Process function: This is a user-specified function that generates trajectories of a stochastic process that the user wants to approximate by a scenario tree or a scenario lattice. To choose whether you are going to approximate with a scenario tree or a scenario lattice depends on the type of stochastic process that you have. Scenario trees are used for discrete-time stochastic processes while scenario lattices are natural discretization of the Markovian processes. This function should return an array in 2 dimension. It should not take any inputs else the user should consider using wrappers or function closures. The array returned by this function should have a length equal to the number of stages of the scenario tree/lattice, as well should have the same dimension as the dimension of the states of nodes of the tree/lattice. The user provides this function to the stochastic approximation process. Examples of inbuilt process functions are gaussian_path1D(), gaussian_path2D(), running_maximum1D(), running_maximum2D(), path().
Tree: This provides the structure of a scenario tree. It stores all the information of a tree. These information includes the name of the tree, the parent of each node, the state of each node and the probabilities from one node to another. An initial tree can be generated by Tree([bstructure],dimension) where bstructure is a vector of the branching structure of the tree and dimension is the dimension of states of nodes in the tree, where dimension = 1 indicates that each node of the tree takes just one value.
Scenario tree approximation: It returns a valuated probability scenario tree that approximates the stochastic process in the best possible way. The function tree_approximation!(Tree([bstructure], dimension), path, nIterations, p=2, r=2) takes: A scenario tree object from the Tree() function with a certain branching structure, a function generating trajectories, number of iterations, choice p of the norm (Example: max = 0, sum = 1, Euclidean = 2 (default)), and multistage distance parameter (r = 2 (default)). The number of iterations also represents the number of trajectories from the process function that we want to improve the scenario tree. For each iteration, we perform the stochastic approximation process which modifies one path in the tree towards the new trajectory and hence the approximating quality of the tree is improved in each iteration.
Scenario lattice approximation: It is used to approximate Markovian processes. As already indicated, scenario lattices are natural discretization of Markov processes. The function lattice_approximation([bstructure], path, nIterations, r = 2, dim = 1) takes: the branching structure of the lattice, function generating trajectories from a stochastic process, the number of iterations, multistage distance parameter r (default r = 2) and the dimension dim which you are working on . The scenario lattice approximation follows the the same procedure as scenario tree approximation but here we find the closest lattice entry and use samples from the process function to improve it.
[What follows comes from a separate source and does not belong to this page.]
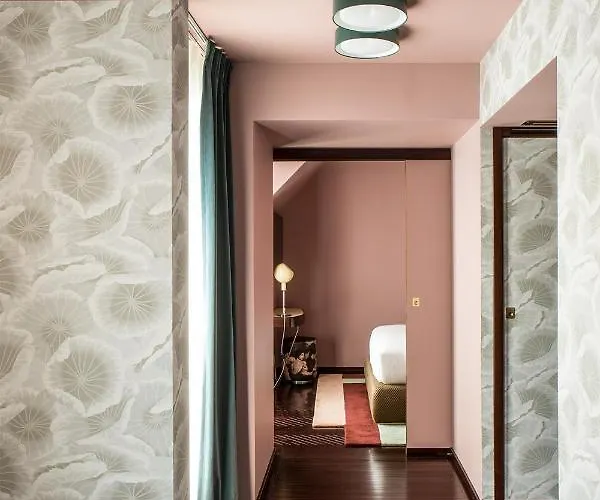 Hotel Du Rond-point Des Champs-élysées - Esprit De France 4*
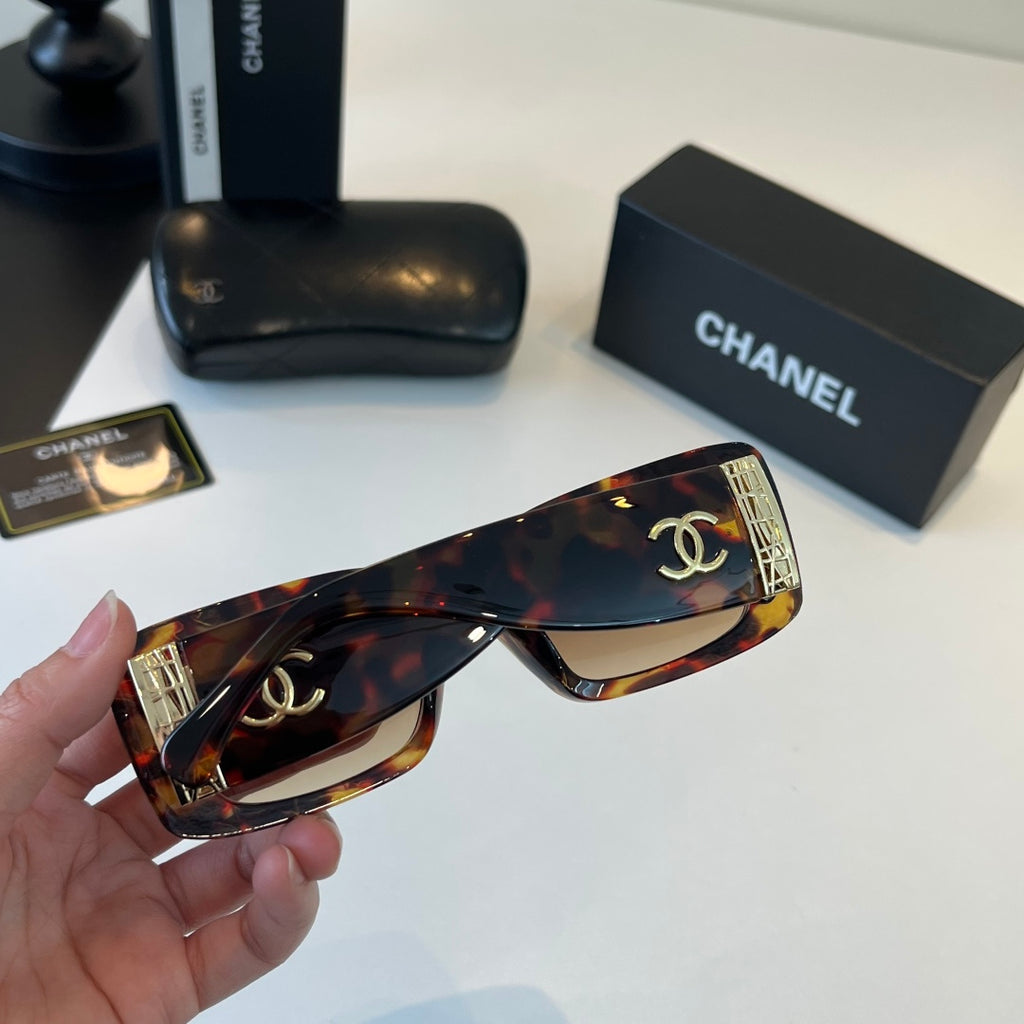 Chanel Fashion Black Lens Sunglasses for Men & Women - 398619 - detail image 8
Generation of scenarios from data: This is a non-parametric technique for generating samples from a given limited data with unknown distribution. We use this process to generate new but different samples based of the data given using the conditional density estimation techniques. The new samples can then be used to generate scenario trees and scenario lattices. The function kernel_scenarios(data, KernelDistribution = Logistic; Markovian = true) takes: 1. A limited two dimensional data (i.e., N x T matrix where N is the number of trajectories and T is the number of stages, 2. Kernel Distribution is the distribution that you want to use for the kernels. The default distribution is Logistic distribution. The user is free to choose any distribution he/she wishes from the package Distributions.jl, and, 3. an optional keyword to determine whether the trajectories generated are Markovian or not. When you set Markovian = true, the trajectories here are Markovian and are used to approximate a scenario lattice. Similarly, if you set Markovian = false, the trajectories are non-Markovian and are to generate scenario trees.